Sheep on a moor with a homestead in the distance

The Rock Review: The government’s response

The government has this week published its response to the review by the Tenancy Working Group, chaired by Baroness Kate Rock into agricultural tenancies. The original report made multiple recommendations to deliver a more resilient tenanted sector and we now consider how far the government has gone in taking up some of those suggestions.

Has the government committed to tenancy reforms?

In short, no. As noted in my earlier article, the Rock Review recommended that the Law Commission be instructed to review the law on agricultural tenancies and land use in England.

The government’s response that it would be “open to underpinning any future consultation or legislation change with a Law Commission review of agricultural tenancy legislation, if appropriate and beneficial to do so” (emphasis added) appears at best non-committal, and perhaps even dismissive.

Baroness Rock and the Tenancy Working Group were clear (by implication) that this was not only appropriate and beneficial, but necessary:

The existing legislation for agriculture and the landlord-tenant system needs to be updated to reflect the new demands on land from food, fibre, and fuel production and environmental outcomes. The policy emphasis on diversification and environmental outcomes can exclude tenants who may be prohibited from doing so by the terms of their tenancies. (Rock Review at p.96)

The government’s response is not entirely surprising given that priorities and responses to long-term challenges are likely to change as a Parliament approaches its end[1]. The Rock Review warned that given “the need for long-term stability in the sector, it will be important that any proposal to update the legislation has support from all major parties.”

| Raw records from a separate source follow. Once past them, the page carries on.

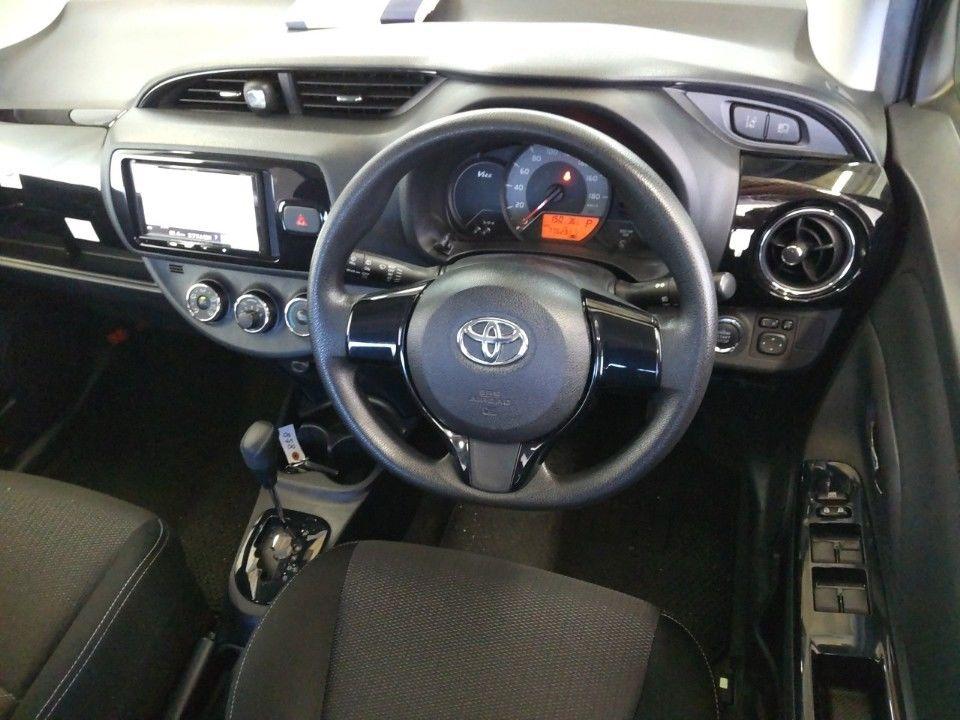 Toyota Vitz 2WD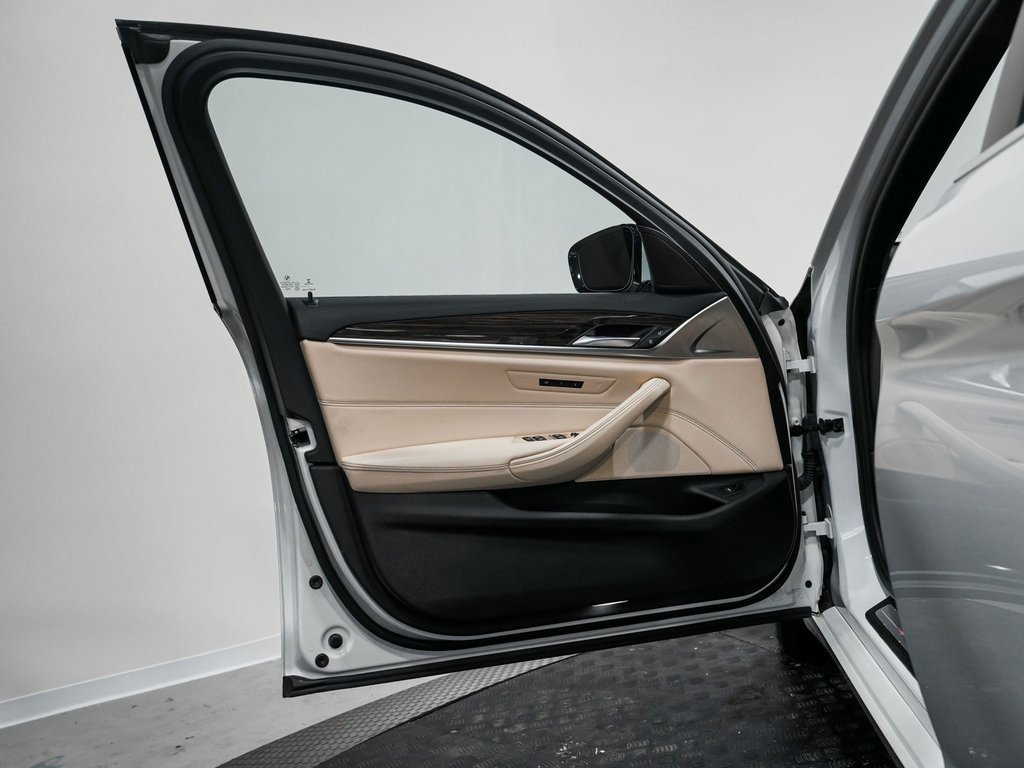 Used 2018 BMW 530i xDrive image 10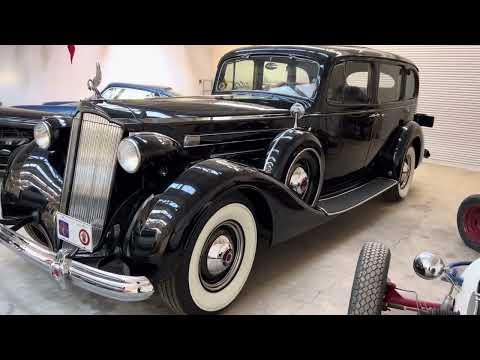 Short walk around of a 1937 Packard 12￼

In its response to the Rock Review, the government has deferred further exploration of the recommendations on legislative change to the new Farm Tenancy Forum (comprising industry representatives of tenant farmers, agricultural landlords and professional advisors). It appears to rely on the need for further evidence of how the tenanted sector is responding to change before committing to future reforms.

While collaboration with the industry is laudable, this approach has the air of reactivity about it. It may not result in the commitment to progress that is needed, for example, to increase accessibility to ELM and productivity schemes and to help such schemes achieve their objectives. Various nature restoration options that might be of interest to tenant farmers require long-term commitments, such as biodiversity net gain (30 years), nutrient neutrality (80-125 years) and carbon sequestration under the Woodland Carbon Code (up to 100 years), so security of tenure needs to be addressed.

What about nature markets and private investment?

The government agreed that “a clear roadmap is needed to support the orderly development of private ecosystem markets” and that “tenants, along with other farmers and land managers, should be rewarded and not disadvantaged for their work in maintaining and improving natural capital assets and managing the associated flow of ecosystem services.”

Defra has asked the Green Finance Institute “to work with the finance and farming sectors to explore how private sector sources of finance can be more swiftly unlocked at scale to support the farming transition, including how to resolve the specific barriers faced by tenants.”

It also intends to work with “the British Standards Institute (BSI) to take forward a fully consultative business-led process to co-design and develop an investment standards framework for ecosystem service markets, with a roadmap for implementation.”

What else is on the horizon?

The government continues to have a busy agenda in this area including nature restoration and the expansion of nature markets[2], sustainable food production and security[3], land use[4] and more[5]. We await further developments and clarification with interest.

[1] The next UK General Election is due to take place before the end of January 2025.

[2] See Defra’s Nature Markets Framework published in March 2023.

[3] The next UK Food Security Review is due in 2024 in accordance with s.19 of the Agriculture Act 2020.

[4] The government published its response to the House of Lords Select Committee Report on Land Use in England in April 2023. The Land Use Framework itself is not yet complete but is due to be published this year.

[5] E.g. The Levelling-up and Regeneration Bill is currently in the House of Lords at Report stage. The government’s related consultation on Environmental Outcomes Reports replacing Environmental Impact Assessments will close on 9 June 2023.